Mais déjà l’observation du développement de ces outils digitaux pose la question de l’unicité du coach, de sa plus-value : qu’en est-il de l’intuition, de la synchronicité, de la relation au coaché, de la présence, de la confiance, du travail sur les émotions et les non-dits et de l‘intégration d’une approche systémique. Enfin, quid de la confidentialité ?

Les principales craintes qu’inspirent le digital tournent autour de la perte de contact avec le client, de la gestion des données personnelles, d’une baisse des tarifs et de la qualité d’une session de coaching voire d’une « uberisation » du coaching. Avec le développement du digital, techniquement de plus en plus avancé, et qui, en corollaire, rend le coaching de plus en plus accessible, risquons-nous une uniformisation des coachs ? 

Se pose, également, la question du degré de professionnalisme des acteurs du coaching digital.

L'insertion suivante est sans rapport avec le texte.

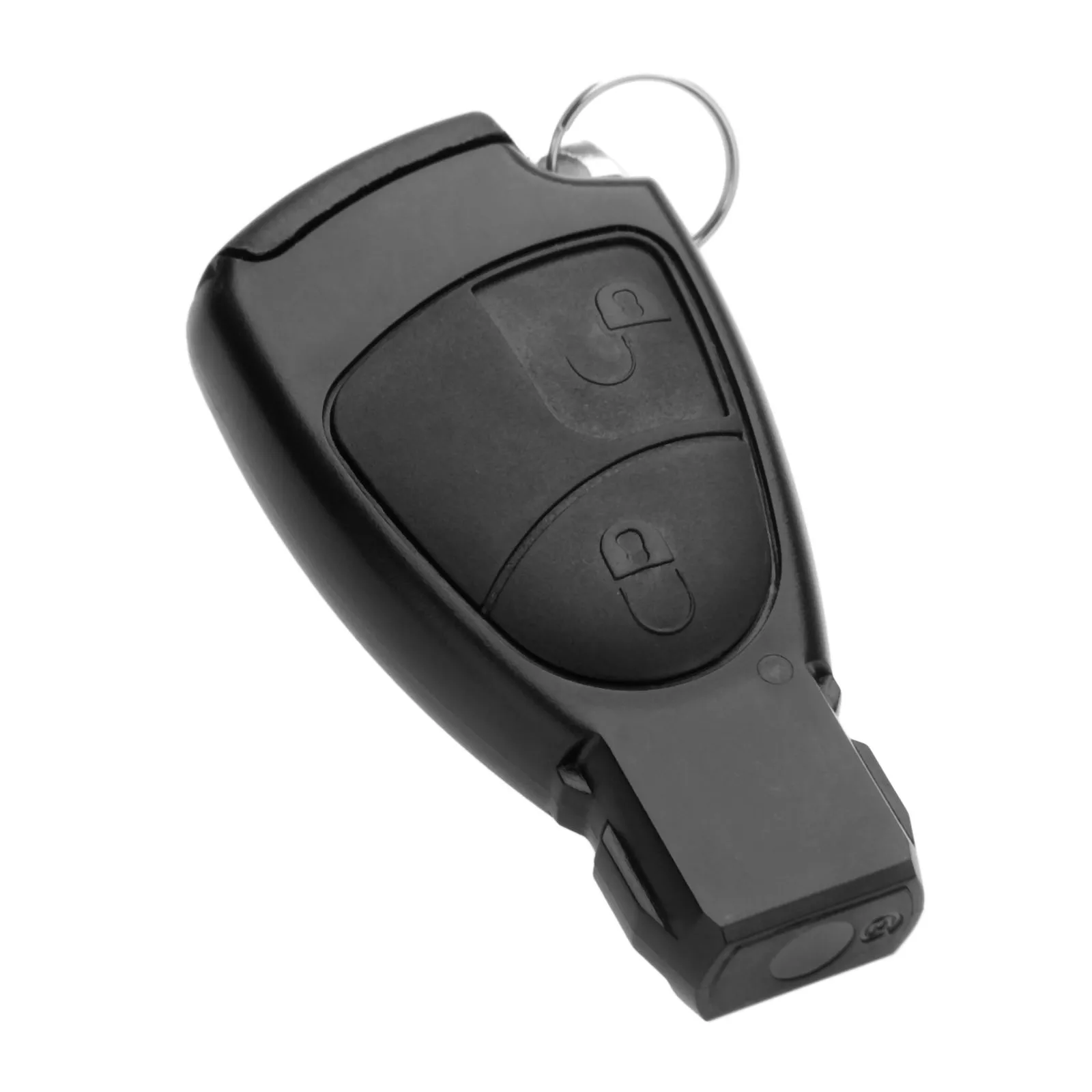 2 кнопки 433 9 МГц умный дистанционный ключ брелок от машины для Mercedes Benz C B E S Class CLS CLK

Ces start-upers sont-ils formés au coaching ? Sont-ils supervisés ? Adhèrent-ils à un code de déontologie ? Il est à noter que certains d’entre eux sont eux-mêmes formés au coaching et certifiés, qu’ils ont invités des coachs expérimentés dans leurs comités scientifiques et que d’autres font appel à des coachs afin de développer leurs outils et le feront à terme pour entrainer leur IA.

Au-delà des craintes, comment pouvons-nous utiliser à notre avantage ces évolutions et quel rôle pouvons-nous jouer dans leur développement ? 

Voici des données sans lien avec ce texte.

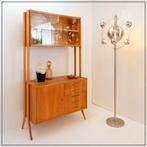 Vintage kast - František Jirák - Mondi (Tatra Nábytok), Huis en Inrichting, Ophalen, Gebruikt, Glas, Minder dan 150 cm
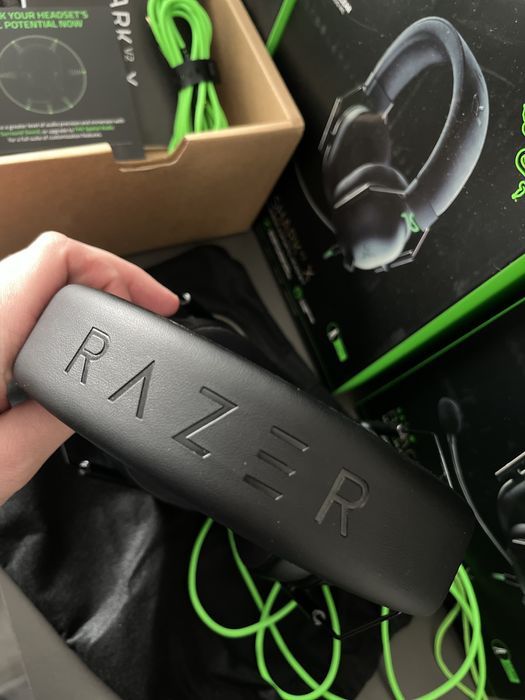 Игровые наушники Razer BlackShark V2 | Мега-скидка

Les innovations technologiques déjà en cours, telles que les reconnaissances faciale et vocale, ouvrent sur d’autres champs d’applications potentielles au coaching. Il s’agit, pour l’heure, de digital avancé ou d’Intelligence Artificielle faible. Dans le cadre de notre métier, ces outils de reconnaissance pourraient permettre une meilleure analyse des ressentis du client (détecter ce que l’on ne voit pas) et pourraient venir compléter le travail du coach en proposant par exemples des pistes d’exploration et en donnant des informations additionnelles pour échanger avec le coaché. On arriverait alors à un « coach augmenté ». Cette inclusion d’un regard tiers et technologique soulève des questions sur la place du coach dans le processus de coaching. Dans quelle mesure le coach ne se suffirait-il pas à lui-même ? Quelle serait l’expérience pour le coaché ? Le client pourrait-il y voir une intrusion ? 

L’émergence, pour d’aucuns, inéluctable du « coach augmenté » amène d’autres à préférer le « coach bio » : un coach nature et sans technologie. Il appartient à chacun, coachs et clients de se positionner ou de concilier les deux. Des facteurs générationnels peuvent aussi entrer en ligne de compte.

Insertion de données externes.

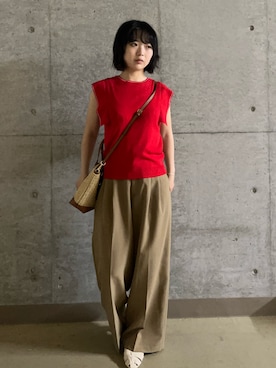 Nanaさん(レディース・155cm)の夏コーディネート
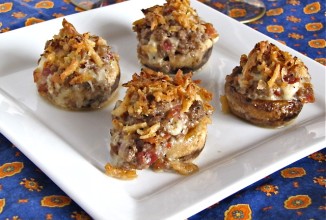 Фаршированные грибы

Les reconnaissances faciale et vocale et leur constitution en banques de données contiennent des risques inhérents à ces technologies, tels que le hacking d’identité, l’utilisation des données captées, leur appropriation et la violation de la confidentialité. Ces risques existent également dans d’autres professions.

Interrogés sur le rôle du coach dans le développement d’outils d’IA / digitaux, les participants s’accordent pour dire que le coach a un rôle à jouer dans la garantie éthique ou tout du moins de vigilance dans le cadre du développement de ces outils. Le coach peut tour à tour être un bêta-testeur, coacher, monitorer voire superviser l’IA et s’assurer que les critères retenus pour le développement de l’outil soient conformes aux exigences de la profession. A travers un collectif de coachs, le coach peut apporter une diversité de points de vue, essentielle pour contrer une possible uniformisation des coachs, et ses dérives éventuelles. 

La valorisation du métier de coach par rapport aux avancées technologiques passe par une incarnation de notre métier, une communication claire sur ce qu’est le coaching et une attention particulière sur la professionnalisation de notre pratique (à travers la formation, la supervision, la certification, le respect du code de déontologie). 

D’après le sondage que nous avons réalisé lors de l’atelier, 18% des participants utilisent déjà des plateformes digitales de coaching. Dans quel mesure ce chiffre est-il appelé à augmenter au fil des évolutions des outils digitaux ? Ou bien valoriserons-nous le coach artisan ? 

En effet, le coach reste le premier « outil » du coaching. Le coach peut disposer de différents outils (digitaux et autres) mais il reste au centre du processus et de la relation de coaching. 

Notre commission continuera à mener ses missions de veille et de partage sur les évolutions et les avancées de l’IA et du digital dans les domaines liés à notre métier afin que chacun puisse mieux aborder ces changements de manière informée.